Don’t recall what his final mark was but the marking system bugs me, flawed, suggests if you fail you aren’t someone who could be successful or if you get a high mark you should be but that isn’t reality. Better to just be pass/ fail or even just drop marking altogether. Pourquoi pas? You sign up to take the course, that’s good enough. After that school year, I invited him to come sing on a record I was producing, he came and was like a secret weapon. Adding improvised parts, adding counterpoint I never asked for, riffing off the lyrics. Couldn’t ask for more. Then disappeared. Wrote him three times during the year to say hello and remind him anytime I would help record or assist whatever he wanted, he did previously say he wanted that. He only wrote me back once acknowledging my position and offer, it was over a year ago. Another weird thing about that guy, seriously, he liked Elton John. He performed I’m Still Standing when they had to do a cover. Broke my heart but I tried to keep my mind on the bigger picture, his talent.

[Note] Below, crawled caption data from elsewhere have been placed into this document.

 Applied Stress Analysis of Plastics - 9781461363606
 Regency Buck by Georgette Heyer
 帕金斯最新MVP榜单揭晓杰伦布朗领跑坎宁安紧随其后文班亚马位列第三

Made best tomato sauce ever this morning, going to mark it in my calendar so I can celebrate every year from here on. Still, my daughter won’t like it compared to ketchup. Youtube tutorials, I follow at least 6 different cooks. Bet Youtube is an advantage to be a young musician today, consuming videos about how to do anything you can imagine. When I was a kid the idea of playing John McLaughlan’s solo from Birds Of Fire was absolutely impossible but one guy I knew could do it, Clayton – this made him a bonafide shaman. Maybe now even the esoteric is available in a simple search, I’m going to check right now, don’t go away.
Yep. There were at least four different people playing it on guitar. Amazing.
Different rules. You would think it might mean one would be even more accomplished nowadays. Truth is, the bulk of the music students I have worked with, the last 5 years at Centennial College, have music software containing the equivalent of $70k worth of bells and whistles (if we went back in time to the 80s or 90s) and one might think that means they are positioned to make remarkable music but most I’ve met focus using it for very simple tasks like importing a factory made loop. I bet it is an old story, living without the shortcomings one doesn’t get the value of the improvement.
When John Lennon released Rock N’ Roll it threw me for a loop. I liked his solo records and his previous record, Walls and Bridges, was only a few months old, surprising another new record came out so fast. At that time in my younger life, I couldn’t stand the sound of 50s music, it seemed hokey but Rock n’ Roll was a revelation. The horn sections, the unexpected percussion on every track melding with the Jim Keltner kit, José Feliciano on guitar and Lennon’s voice in it’s best shape. Sort of ironic the record I admire most by him is just a bunch of covers but at the same time totally transformational. To this day I can’t enjoy the original Stand By Me compared to the other worldliness where John Lennon placed his version. The little chugging upstroke at the 5th fret does so much more for whatever part of my brain buzzes when happy.
Peggy Sue is as interesting as the best Buddy Holly work but that rendition has a psychedelic aspect that propels the idea of the singer’s infatuation into surrealism. It made me think differently about the power of music. I could gush forever about each track. The cowbell on Bony Moronie, the nonchalant voiceover jokes to the intro of Just Because, the off mic whisper at the end of Be Bop A Lu La, the crazy compressed piano sounds everywhere, the echo congas on You Can’t Catch Me and the way the horns align themselves with the drum kit or with rhythm guitar tracks and still reserve moments to punctuate ends of phrases. Sometimes I think that whole record is a reference for how to think about using horns in popular music because they are so creatively placed whether supporting or soloing.
Later, I realized for Lennon the music of the 50s was his adolescence and for Spector it was his 20s. They brought such punch and insight and hilarity and respect to those songs and I think on some level this is part of what they hoped, that people like me who didn’t get it, would be awestruck and grasp something else, maybe inspiration.